I have the MBP connected to the Cinema Display using this USB-C to Mini Display Port adapter. Maybe the adapter is the problem? https://amzn.to/2JVE6eb

P.S. I’m actually not particularly dissatisfied just working in the 13" MBP display with no external monitor attached.

I think it’s probably that’s a factor.
When I was researching for my MBP purchase I was trying to establish if it was worth having a dedicated video card or not. I read something similar to what you have by the sounds of it.
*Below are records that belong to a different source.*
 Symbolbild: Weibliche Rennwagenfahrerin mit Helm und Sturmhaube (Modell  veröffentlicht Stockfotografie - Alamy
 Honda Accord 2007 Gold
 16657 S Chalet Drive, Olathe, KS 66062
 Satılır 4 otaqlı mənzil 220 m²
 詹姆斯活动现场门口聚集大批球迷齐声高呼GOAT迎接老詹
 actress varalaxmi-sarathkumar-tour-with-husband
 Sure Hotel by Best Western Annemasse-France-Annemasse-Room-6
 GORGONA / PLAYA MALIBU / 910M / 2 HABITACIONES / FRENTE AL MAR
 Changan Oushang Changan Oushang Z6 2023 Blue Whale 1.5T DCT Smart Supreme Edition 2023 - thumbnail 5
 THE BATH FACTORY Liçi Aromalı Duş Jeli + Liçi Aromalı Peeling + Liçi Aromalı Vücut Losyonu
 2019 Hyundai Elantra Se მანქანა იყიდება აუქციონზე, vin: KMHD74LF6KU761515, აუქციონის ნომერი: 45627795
When there are more pixels to push it hits the performance, having a dedicated graphics card is supposed to take that work load.

The 13"s only have the integrated intel graphics don’t they rather than the dedicated Radeon Graphics? (Or did they do some 13’s with that option??)

You could try setting the display to a lower resolution and see if that helps? I believe another option is to get a dedicated graphics card housed in an external case (eGPU I think they call them).

I seem to recall hearing that an eGPU is expensive.

@stu_w, you’ve given me some excellent suggestions. The support page you referenced says the MBP13 2018 will indeed support one or two external displays at much higher resolution than this ancient Apple Cinema display can deliver.

However, you’ve planted an idea: Previously, I ran the MBP with the external display attached and the notebook open. I never use the notebook display and the external display together, so I closed the notebook and we’ll see if that works better.

Even as old as it is, the Cinema Display is more comfortable than the built-in notebook display when I’m working at my desk.

I do want to replace this old thing – but I’ve promised myself I won’t do it until I organize my office. And that’s going to take a while!

I suspect this old Apple Display is just plain worn out (to use a technical electrical engineering term) and requires an excessive amount of compute and/or memory to run. Either that or the adapter is the problem.

I welcome other insights on this!

I can’t imagine that a single external (non-4K/5K) external display would cause any modern Mac any difficulty at all. Maybe something weird is going on with the electronics of the (oldish) display that’s causing issues for the Mac, but even that is kind of hard to fathom. In no way is this stressing the GPU capability of your computer though.

That’s what I’m thinking.

I reconnected the old display – because the big screen is more comfortable, even if the resolution is nowhere near as good as a modern display – and it seems to be running fine.

But I haven’t been putting it to heavy use either. We’ll see how it goes in a couple of days.